C'est le même mur qu'il y a dix ans, en face de moi, la même violence de lumière, le même silence de mouvements. J'étais ailleurs, dans ma vie. Où je suis aujourd'hui. Cycles et marées, rotations
et durée. L'âge que l'on prend. J'ai cette place de paix, maintenant, aujourd'hui, où elle peut venir sans la faire trembler. Je ne suis plus seul, si longtemps l'imaginaire d'une extase, ne
facilite pas la rencontre avec les aspérités du réel. Pourtant il tremble bien de ma chair, je ne suis pas là pour rien, dans cette histoire, contre cette fille, ce nom, ce mystère. En quel
devenir se trouve ma peau, quêtant une plus grande respiration, les plus aimantes aspirations, le développement de ses terres d'oubli et d'appropriation? J'aurais aimé briller et je n'excelle en
rien, et ce cœur blessé, si bien caché, qui réagit à tant de ses gestes innocents, le voilà qui se laisse deviner. Peut-être pourrai-je prendre soin de lui et la laisser mieux tranquille, elle,
qui n'y peut rien. Au fond, tout au fond. Ça résonne avec la fulgurance de ces reflets solaires, le mélancolique ondoiement des parasols, les tristes absences des balcons. Tant d'étés parcourus,
tant de peaux touchées, ignorées, de souffles mélangés, étouffés. Combien de rencontres dans une vie? Combien en faisons-nous? Que sont devenus les personnes avec lesquelles j'ai parlé, en 1994,
en Californie? Qui vit encore, où, avec qui, comment, de quoi, avec quelles pensées, quels rêves, quels souvenirs, quels chagrins d'amour, quels espoirs, quelle fierté? Où sommes-nous, ô
demoiselle qui peuple mes nuits, baise mes lèvres, regarde mes yeux? Nous parlerons-nous encore dans dix ans? Sous les aveuglantes lumières du printemps, le souvenir de ton visage d'aujourd'hui
sera-t-il heureux? Grâce à la méchanceté des sentiments qui s'éveillent parfois, à l'occasion de ta présence, je peux entrer en contact avec ce qui de moi sinon resterait dans l'ombre, l'insu.

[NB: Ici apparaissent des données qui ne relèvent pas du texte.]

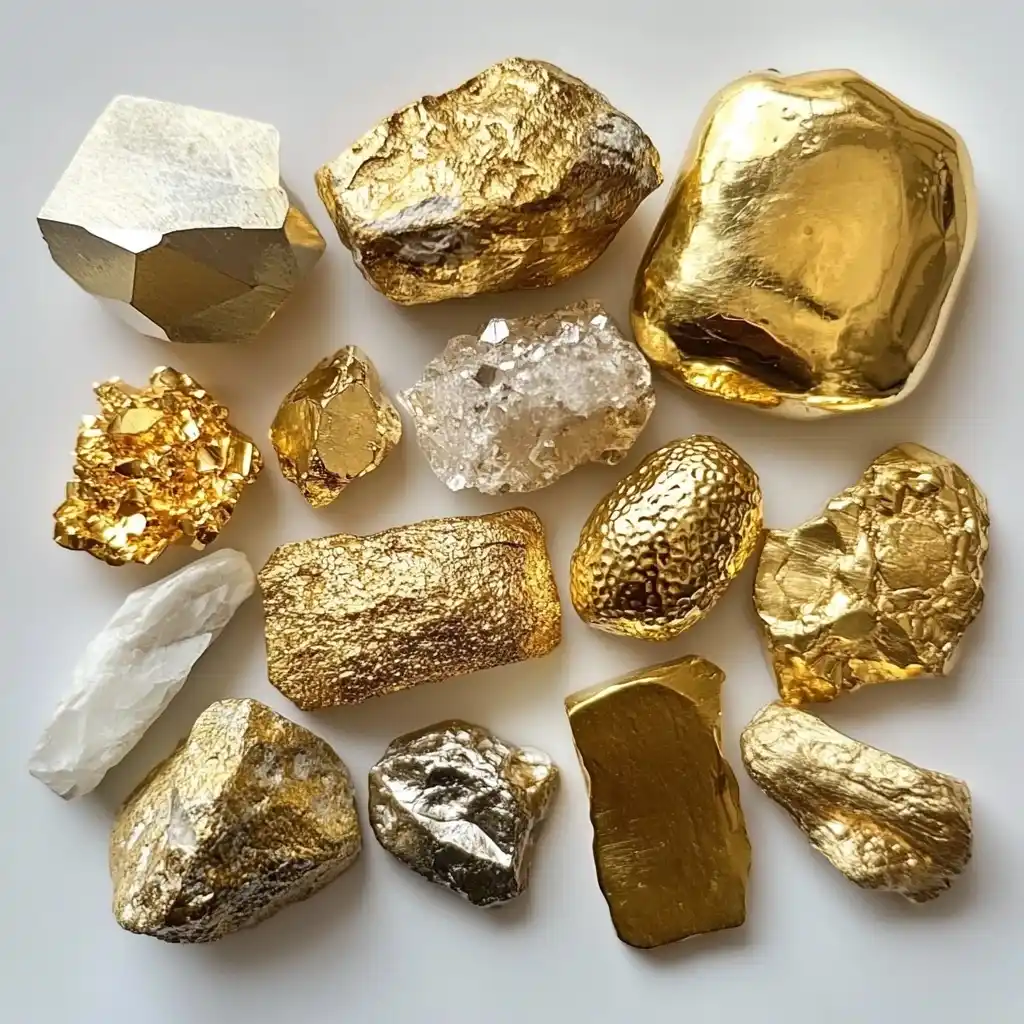 Detailed Gold Karat Comparison
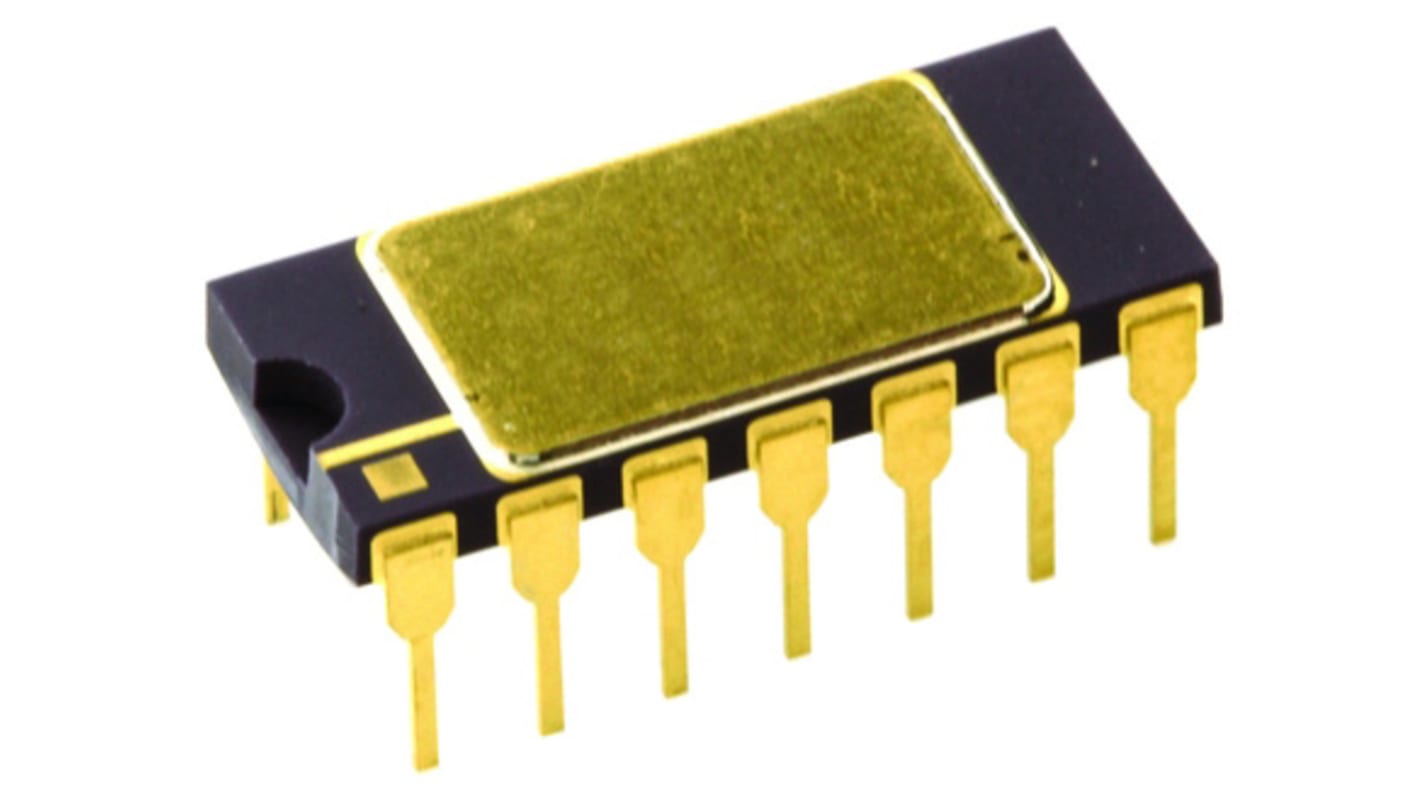 Analog Devices Spannungsmultiplizierer 4 Quadr., Single Ended, 1 Anz. Elemente/ Chip, 6 mA-max 1 MHz SBDIP 14-Pin,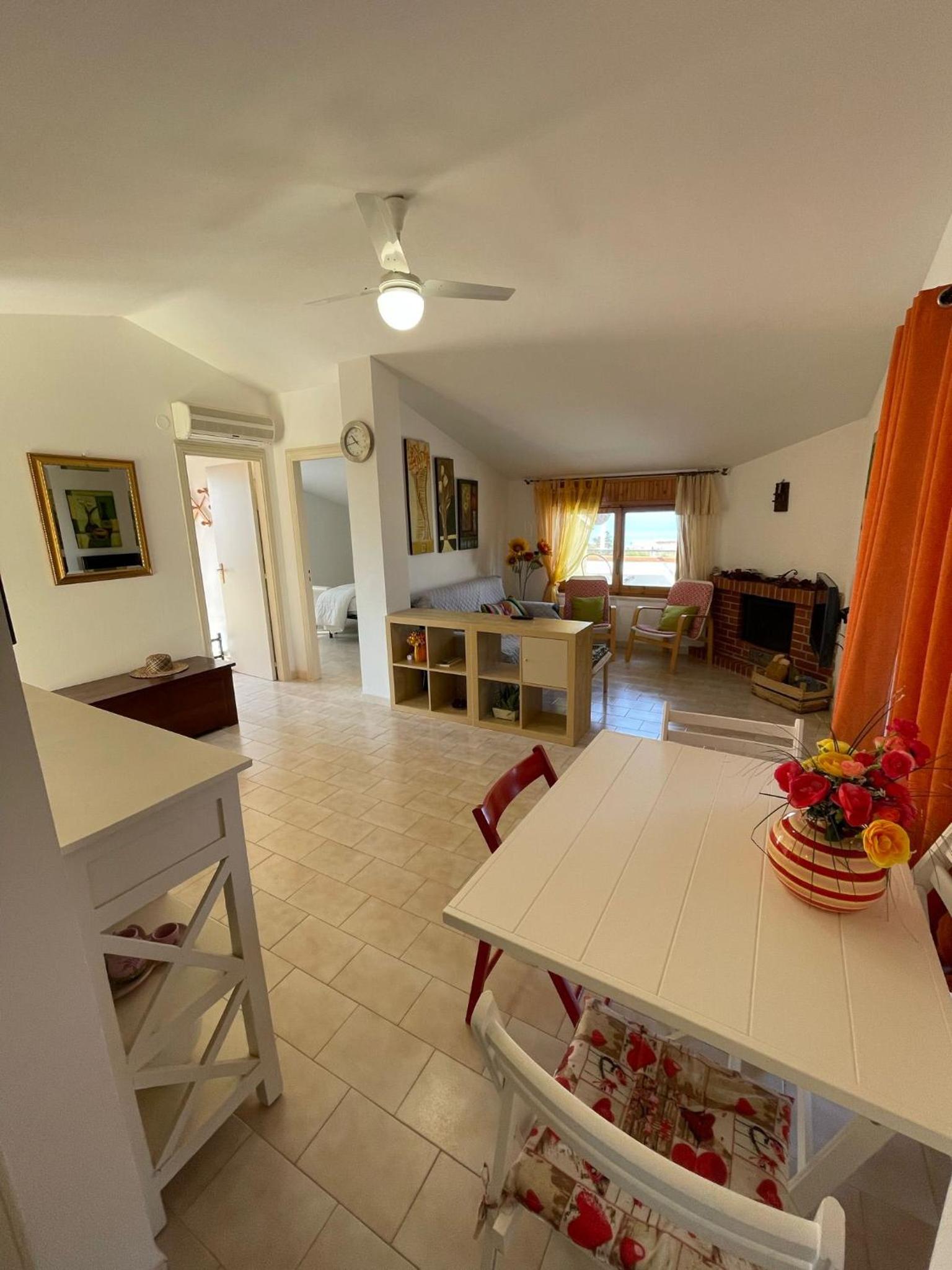 Penthouse beach apartment in Scalea photo 4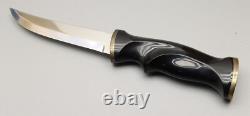 Vintage 1980s Sandvik of Sweden Stainless Steel Hunting Knife in Box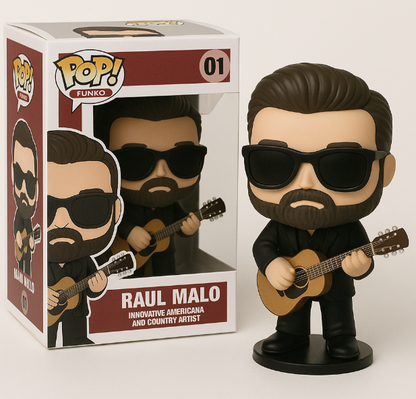 🏆Limited Edition🔥Funko Pop! Vinyl: Raul Malo (Super Bowl XLI National Anthem Performance)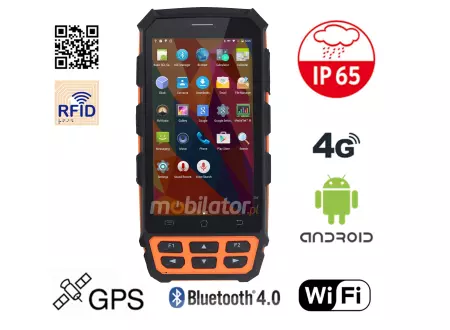 Skaner kodów dla logistyki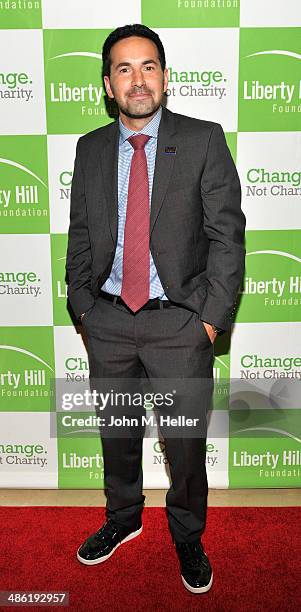 Executive producer and the Upton Sinclair Honoree Scott Budnick attends the Liberty Hill's Upton Sinclair Awards dinner at The Beverly Hilton Hotel...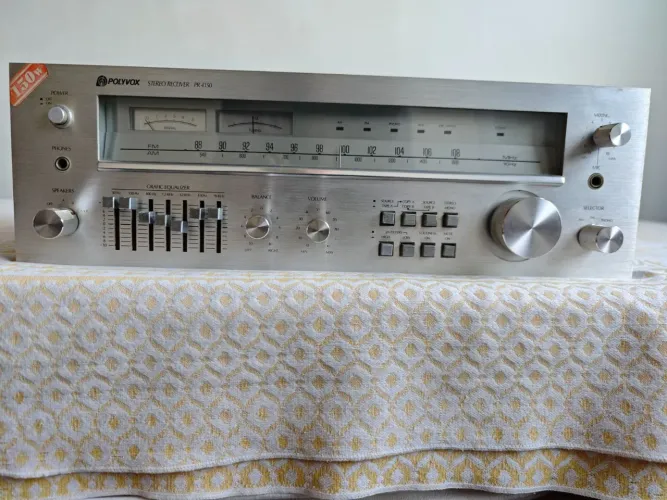 Receive polivox 4150 seme novo
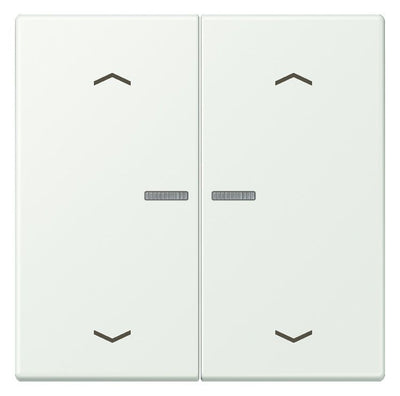 Jung LC102KO5P210 Wippe m.Lichtleiter u. Pfeilsymbolen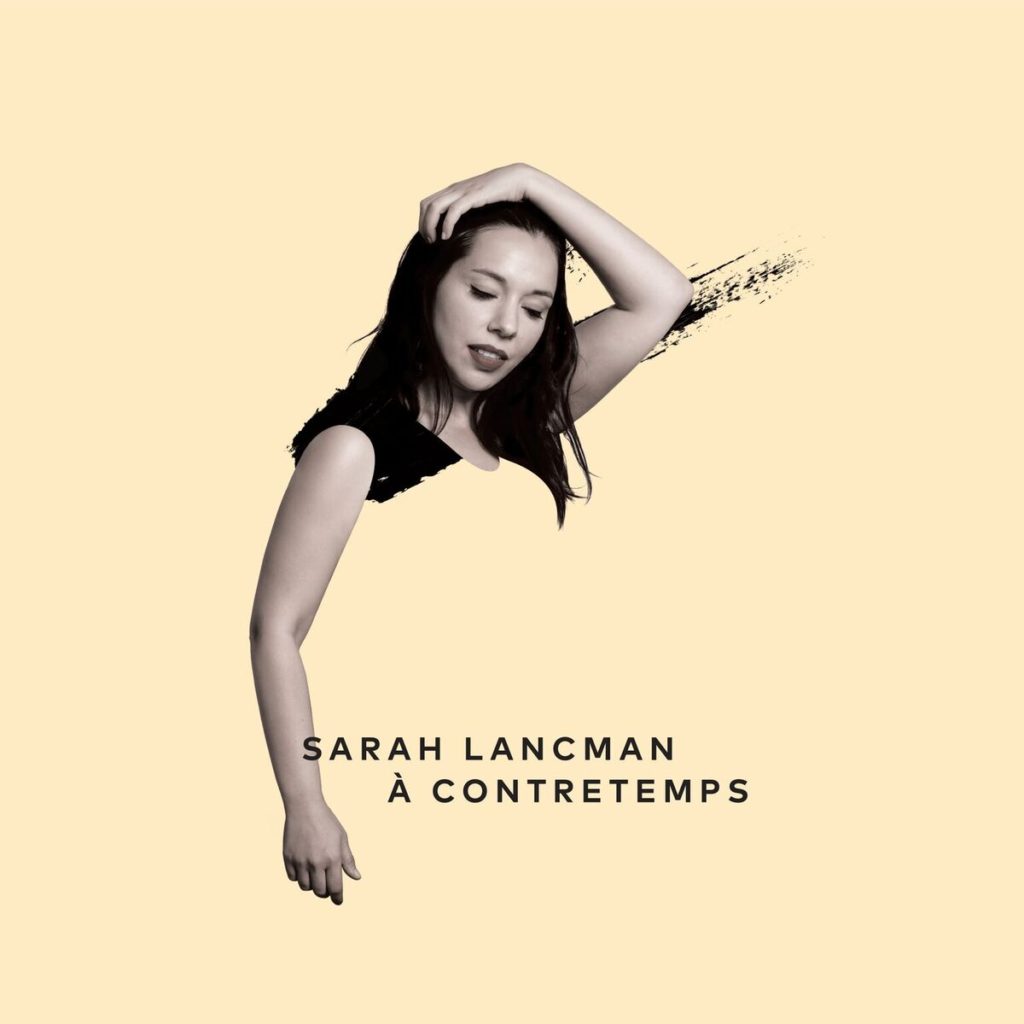 Pochette de l'album de Sarah Lancman, "À contretemps"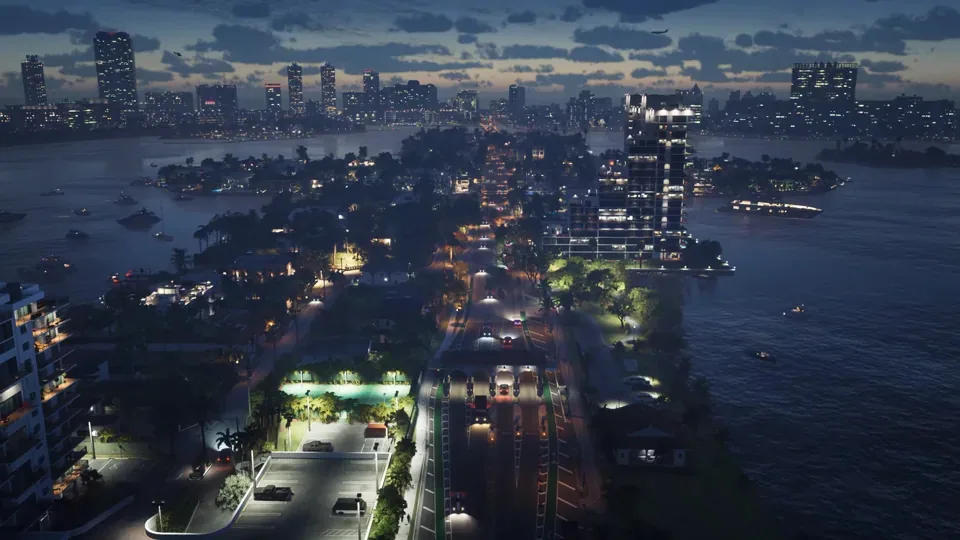 《GTA6》真实原型城市：雷欧奈达州如何复刻佛罗里达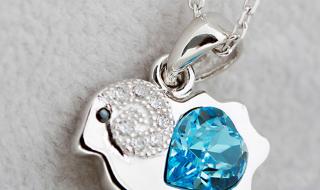 施华洛世奇水晶项链 施华洛世奇水晶项链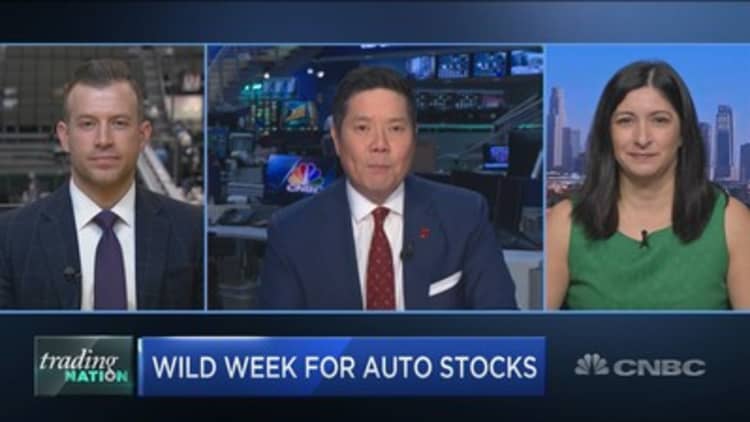 One auto stock is a better bet than Tesla after head-spinning week, traders agree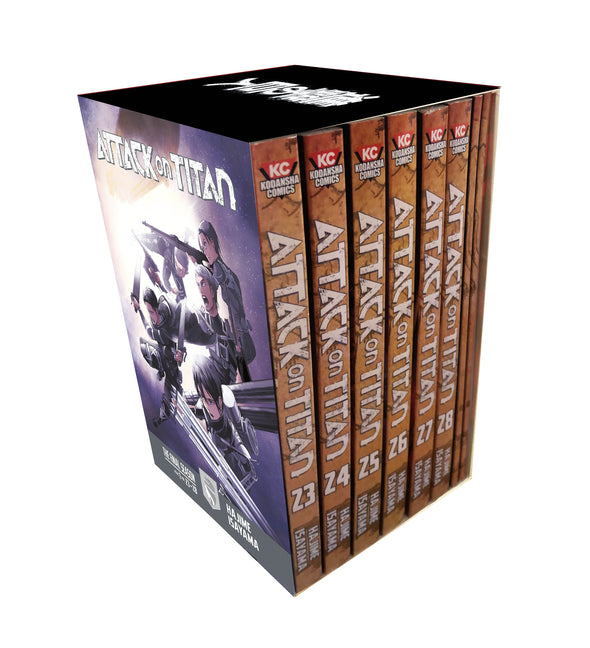 Attack on Titan the Final Season Part 1 Manga Box Set -- Hajime Isayama, Paperback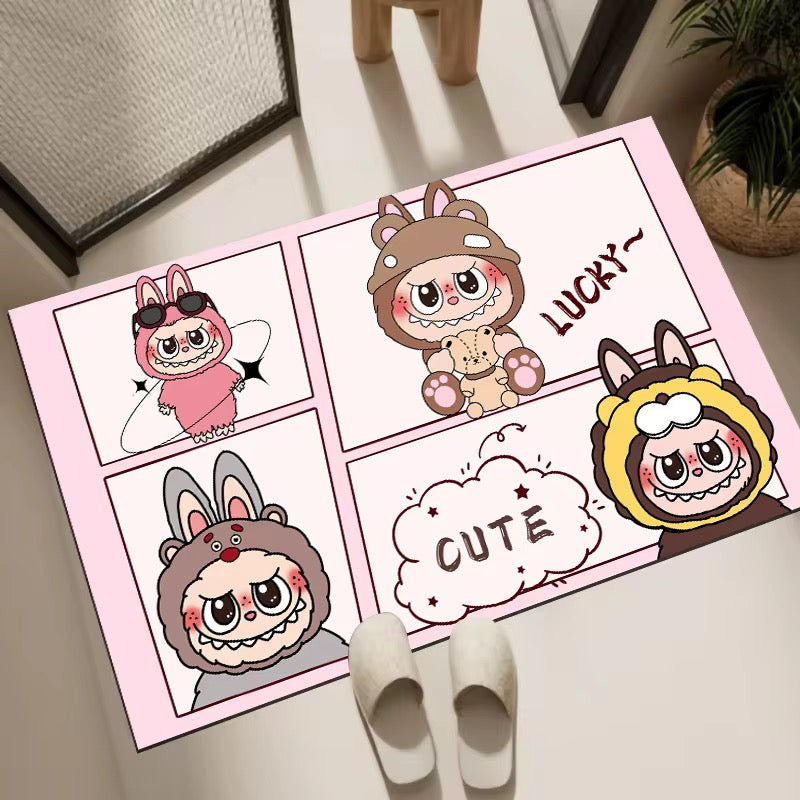 Labubu Badkamer Vloermat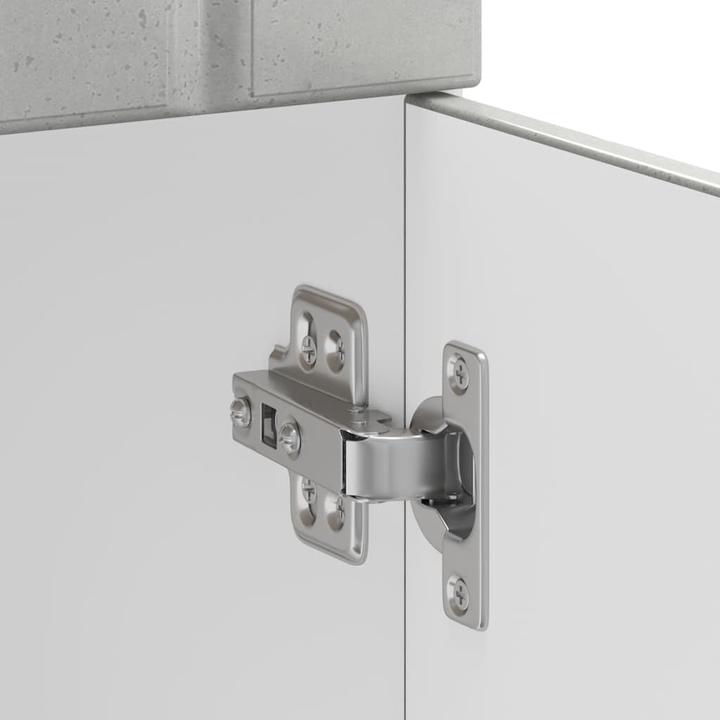 Immagine prodotto VidaXL Base per cucina Lucca Concrete grey Base per lavello in legno (30 x 46 x 81,5 cm)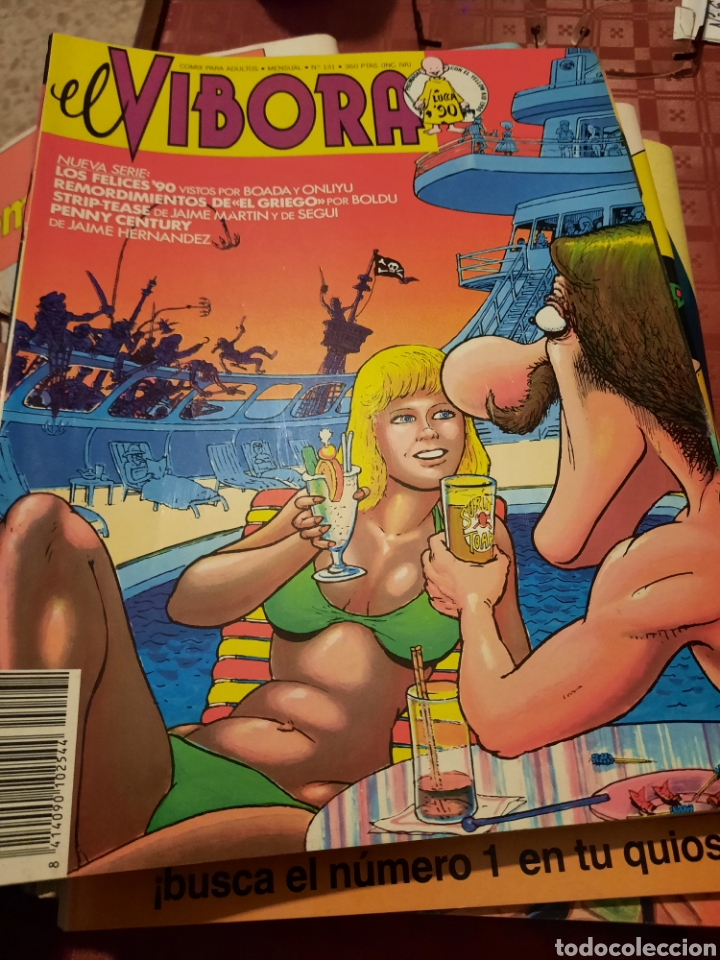 C&oacute;mics: El Vibora La C&uacute;pula N &deg; 131 - Foto 1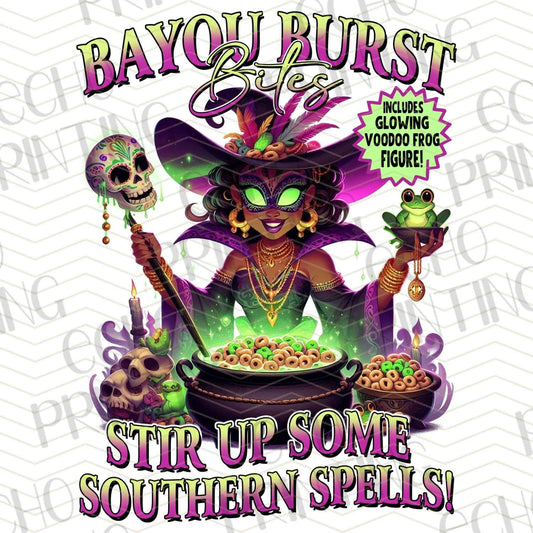 HLW 670 – BAYOU BURST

J'ai mal à celui que j'aimerais être. Les confinements où je me vois, me représente sous le jour de ta personne, ils sont crevasses, meurtrissures, défaites. Plutôt exiger que change ta parole
plutôt que d'entendre là où elle m'emmène, ce qu'elle révèle de mes plaies.
Elle me sort par les yeux. Je veux être seul. Et partout les traces de sa silhouette. Ses lunettes sur mon bureau et mon ventre qui fond. Mais je ne veux plus entendre parler d'elle. Suis gavé,
de ses théories sur tout et n'importe quoi, des méandres de pensées par lesquelles il lui faut passer pour arriver au cœur du sujet. Usé de sentir ses blessures dans celui de ses rires qui ne me
fait pas rire, épuisé de ne pas savoir où elle se trouve quand elle me dit où elle se trouve. Et je pourrais la dévorer, là. Entendre sa voix qui me transforme en masse de désir, trouver sa nuque
où mes baisers ne peuvent s'empêcher d'aller faire mille caresses. Sentir entre mes mains le tendre poids de sa présence, le silence où se compose l'évidence de ce qui nous lie, mystérieuse
connexion d'êtres. Mais seul, sans elle, sans personne, retrouver l'amitié de mon souffle entre les nuages. Elle trinque pour tout le reste, pour la somme des afflictions qui creusent en cette
année un sillon que je n'oublierai pas, qui ne se laissera pas oublier. Je te repousse, te demande de rester dans ton coin, de me laisser tranquille, et c'est un mélange de soulagement et de
douleur, une nécessité capiteuse, angoissante, affligeante. On dirait qu'il ne reste rien, et puis me voilà transi, souffrant de la tendresse qui m'assaille au souvenir d'un moment partagé. Je
suis mieux prêt de toi, allongé sur la douceur tangible des sensations que tu fais naître, mais je n'en veux pas aujourd'hui. C'est mon immense solitude dont je veux épouser l'infinie bonté,
l'infinie délivrance. Les nuages, je ne sais pas leur imaginer des attentes, même si je peux me reprocher de ne pas les regarder assez. J'enfile sous ta peau des exigences qui n'y sont pas, je
m'oppresse à l'idée de ce qui s'y trouve et m'inflige la soumission à des besoins que je t'invente. La proximité à laquelle j'aspire tant, sans voir qu'elle m'impose d'apprendre le délicat
respect d'une distance, d'un rythme en mes chairs inscrit, en mon souffle deviné, auxquels je fais faux bond. Et toi, tu m'invites à me laisser vivre l'ensemble, même ce qui te rejette,
t'attaque, se défend de ta présence, tu ouvres la porte à celui qui n'a jamais eu le droit d'exister. Tu me fais chier. Tu me désarmes. Tu m'emmerdes. Tu m'enchantes. Tu me saoules. Tu m'étonnes.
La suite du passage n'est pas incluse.